Monday, June 13, 2005

For those who are oppressed

Almost eight years has gone by since the Asian financial crisis in 1997 and yet many of those badly affected still live in quiet desperation. Across Asia tycoons, millionaires and the working class alike had been affected by the meltdown where market value of shares, properties, and monetary values tumbled into bottomless pits followed by liquidations of businesses and consequently innumerable loss of jobs. Once well known tycoons and numerous millionaires across Asia turned into paupers almost overnight. The lucky few count their blessings although they still struggle under the weight of restructured debts.

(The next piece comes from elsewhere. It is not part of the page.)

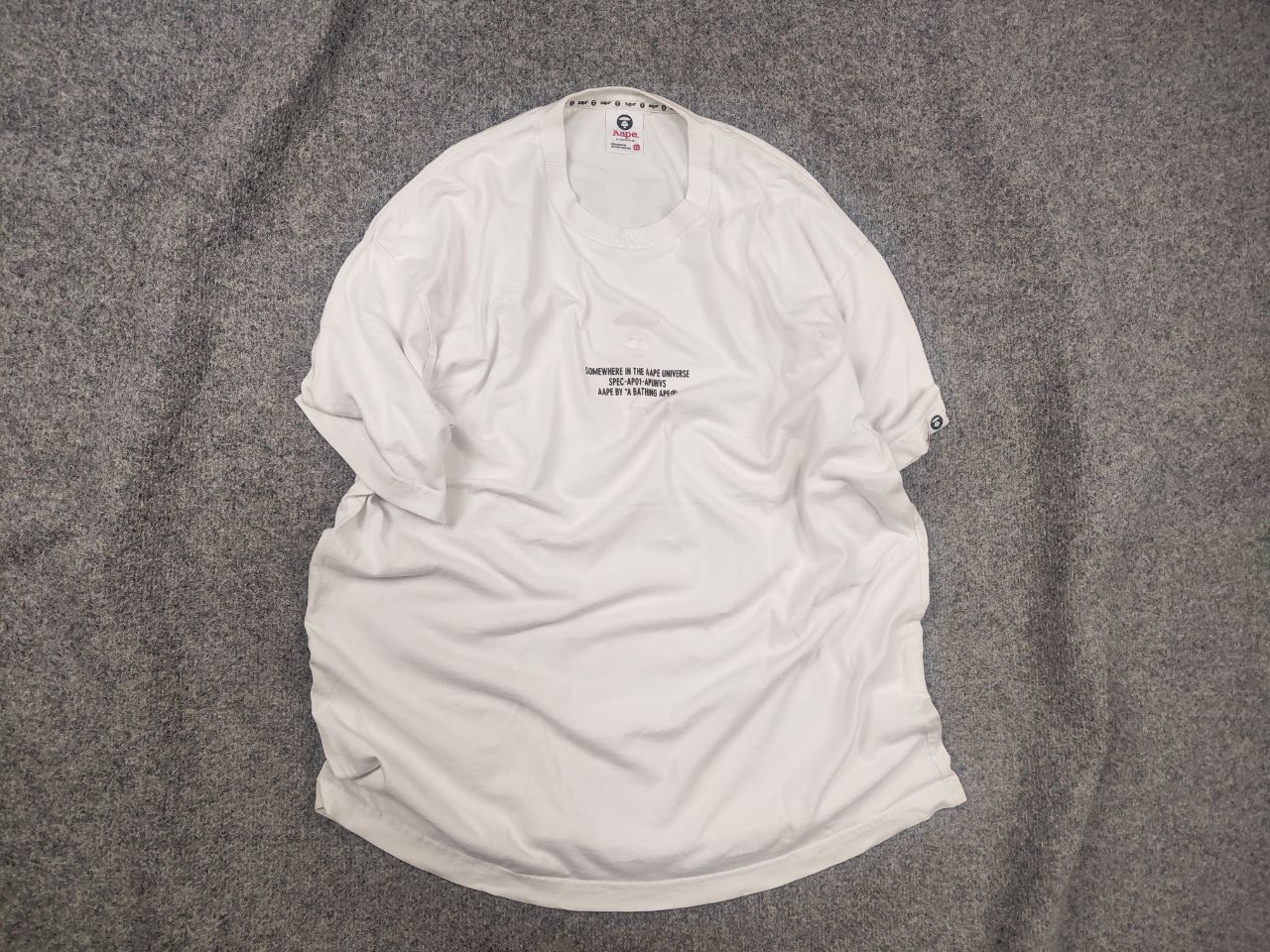 Aape Aape by a Bathing ape Cotton Logo UNVS t shirt Vintage Japan Size US XL / EU 56 / 4 - 1 Thumbnail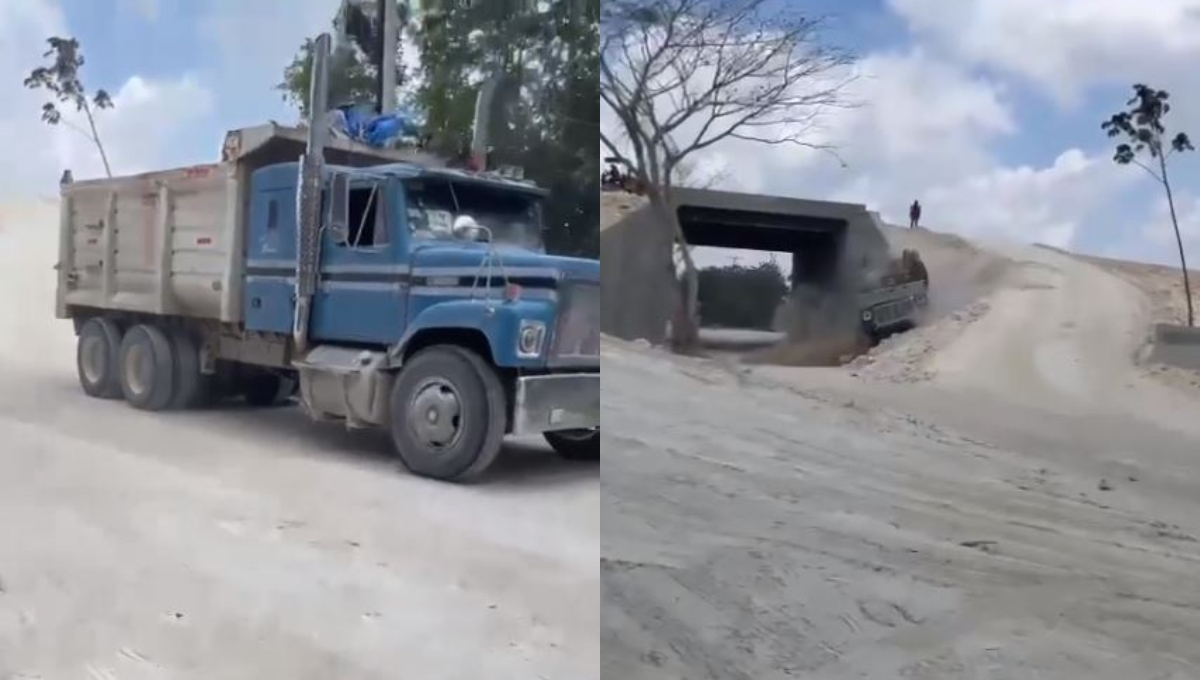 El conductor del volquete fue llevado a un hospital de Chetumal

Occasionally one come across news on how the distressed cope with their lives; former Thai millionaires selling sandwiches in street corners; the South Korean ones spend most of their time on the net; the negative net worth of properties (that is properties worth less than their mortgage) in Hong Kong; former tycoons having their houses sold under public auctions; Malaysians hiding in foreign countries to avoid arrest for theft of public property or charges of fraudulent practices. The latest news on the long forgotten crisis was that a former governor of the Bank of Thailand was found guilty of causing the loss of his country’s entire foreign reserves to defend the Thai Baht. He was ordered to repay the losses and more! It was after all the unprecedented fall of the baht, pegged to the US dollar that startled the Asian financial markets, caused the huge exodus of foreign funds and withdrawal of credit by international financiers. The severity and magnitude of the falls in asset values across Asia within a short spate of time caught entire nations by surprise.

For those who are or still being oppressed, one would like to share the following thoughts taken from Hexagram 47 K’un / Oppression (Exhaustion):

The Judgment
Oppression. Success. Perseverance.
The great man brings about good fortune. No blame.
When one has something to say, it is not believed.

Times of adversity are the reverse of times of success, but they can lead to success if they befall the right man. When a strong man meets with adversity, he remains cheerful despite all danger, and this cheerfulness is the source of later successes; it is that stability which is stronger than fate. He who lets his spirit be broken by exhaustion certainly has no success. But if adversity only bends a man, it creates in him a power to react that is bound in time to manifest itself. No inferior man is capable of this. Only the great man brings about good fortune and remains blameless. It is true that for the time being outward influences is denied him, because his words have no effect. Therefore in times of adversity it is important to be strong within and sparing of words. [W/B]

Notes:
1) The commentary that accompanies the judgment is in line with what Laozi and Confucius taught in the Tao Te Ching and the Confucian books respectively.
2) The outward influences denied to a person fallen from grace is no different from those affected throughout Chinese civilization- examples are aplenty in the Records of the Historian (Sima Qian). It is a fact of life.